Pour l’instant, les Google Glass n’ont pas encore été mises en vente et n’ont été distribuées qu’à 2000 premiers testeurs travaillant dans différents domaines de l’industrie. Elles ne seront disponibles pour le grand public qu’en 2014.
Outre les géants des technologies, une autre industrie s’est emparée du phénomène: le sport et la santé. Si Nike a été l’une des premières entreprises à équiper ses chaussures de sport de puces électroniques reliées à un ordinateur, on compte aujourd’hui de plus en plus de start-up qui se positionnent sur le créneau avec succès, comme l’américaine Fitbit, l’autrichienne Runtastic ou encore la française Withings.
«Prolongements naturels des smartphones»
Présentes à l’IFA, ces sociétés proposent des bracelets ou des galets connectés à porter sur soi en permanence ou durant un exercice physique pour calculer le nombre de pas effectués, les pulsations cardiaques ou encore la qualité du sommeil.
Encore plus étonnant, plusieurs entreprises, comme la canadienne OMsignal, développent des t-shirts et même des gilets intelligents capables d’envoyer des informations sur nos battements de cœur ou encore notre respiration.
Selon Benoît Raimbault, directeur marketing France chez Fitbit, tout cela a été en grande partie rendu possible par l’explosion du marché du mobile intelligent: «Ces applications sont le prolongement naturel des smartphones, explique-t-il. Avec leur développement, on a pu créer de véritables écosystèmes, proposer des applications pour analyser les informations et accompagner les usages.»
Cette analyse est partagée par Sarah Rotman Epps, de Forrester: «Les smartphones ont considérablement facilité les choses. Dans le passé, si vous vouliez créer une application de la sorte, il fallait la synchroniser avec un ordinateur, créer un logiciel spécial, alors qu’aujourd’hui il suffit d’une connexion bluetooth pour se lancer.»

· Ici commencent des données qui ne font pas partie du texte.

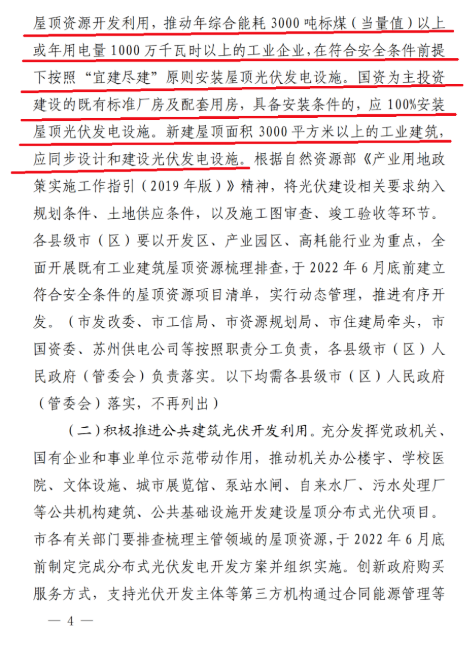 蘇州：國企廠房100%安裝分布式光伏！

Sans compter qu’avec le développement des téléphones intelligents, les MEMS – ces semi-conducteurs qui permettent de capter notamment les données comme l’altitude, la météo, l’accélération et plus encore – ont vu leurs prix chuter de moitié.
Problème de confidentialité et de vie privée
«On en fabrique plus, ce qui baisse mécaniquement les prix grâce aux économies d’échelle, précise Thierry Tingaud, directeur France de STMicroelectronics, premier producteur mondial de MEMS. Nous sommes entrés dans les «wearable technologies» il y a deux ans, Fitbit et Runtastic sont équipés par nous.»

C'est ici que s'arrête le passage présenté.